Weather market for wheat prices

Grain prices are entering a weather market, where they will be pushed about by crop news from around the world.

Tight maize stocks continued to keep the old crop market firm; the weather and what happens with spring planting would set the tone for new crop, said HGCA analyst David Eudall.

While the EU area is up this season, concerns over drought and crop condition are to the fore, with Spain having had its driest winter on record. “March/April is always a critical time for the Iberian peninsula,” said Openfield feed wheat trader Nigel Stevenson.

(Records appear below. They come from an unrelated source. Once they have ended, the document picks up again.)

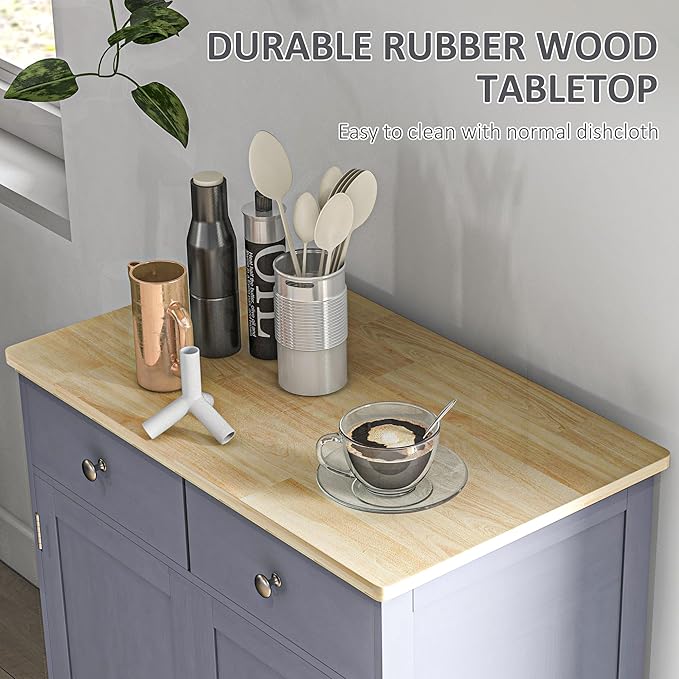 HOMCOM Sideboard with Solid Wood Countertop, Modern Kitchen Storage Cabinet, Coffee Bar Cabinet with 2 Drawers, Doors and Adjustable Shelf, Gray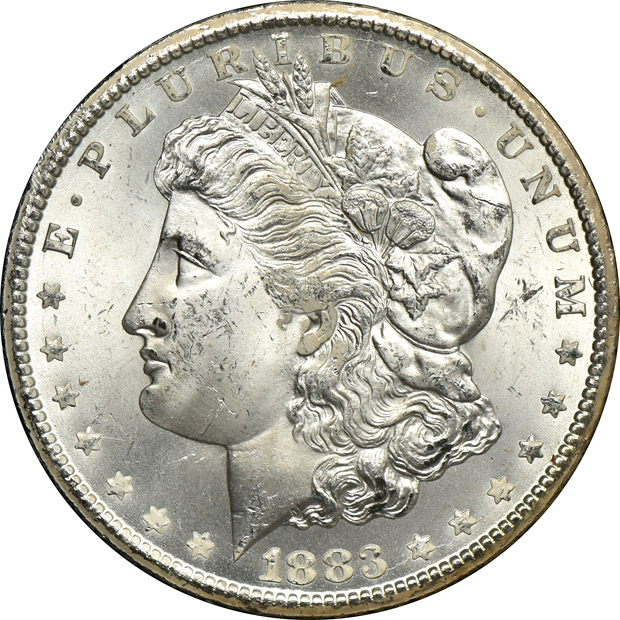1882-CC GSA MS-65, 1883-CC GSA MS-64+, and an 1884-CC GSA MS-63 PL, all NGC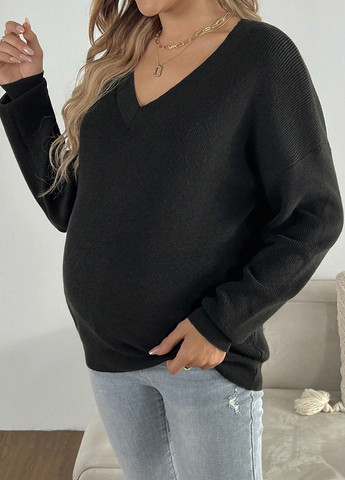 Чорний демісезонний пуловер для вагітних пуловер SHEIN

New crop wheat is worth £143 to £145/t ex-farm at harvest and £148 to £150/t into the autumn. Growers are thought to have committed slightly less tonnage than in recent seasons, although a rise in futures prices early in the week tempted some sellers out. As Farmers Weekly went to press on Wednesday (14 March), London feed wheat futures were at £150.75/t for November 2013.

The UK would be well placed to supply any opportunities in North Africa and in EU member states, said Mr Stevenson. While Baltic area wheat was similarly priced, the UK had a better reputation for quality and reliability, but the trade was not there to be done at this stage.

The effect of drought and frost on winter-sown crops has seen Ukraine’s ministry of agriculture cut its 2012 wheat harvest forecast by 2m tonnes to 14m tonnes.

There have been reports of considerable winter wheat losses in France, but crops had a great ability to compensate, cautioned Mr Stevenson.

Russia’s agriculture ministry has said that despite expecting a bigger wheat harvest this year, it is unlikely to match this season’s record grain exports because stocks are low.

The December planting survey shows growers in England and Scotland have drilled 2% more wheat overall and 7% more winter barley, however this masks a 14% fall in the Scottish wheat area.

In the old crop market, UK compounders and other processors are buying hand-to-mouth as price remain relatively high, despite lower than expected UK wheat exports in January. At 219,000t, these were almost one-third lower than in December and disappointed the trade. However, confirmation of the figures may show a flurry of trade at the very end of the month, which the initial figures may not have revealed, said Mr Eudall.

Spot feed wheat is currently worth about £159 to £161/t ex-farm. Other old crop news included a downward revision of the end of season world wheat stocks by the US Department of Agriculture at the end of last week. The estimate was cut back by 3.5m tonnes to 209.6m tonnes.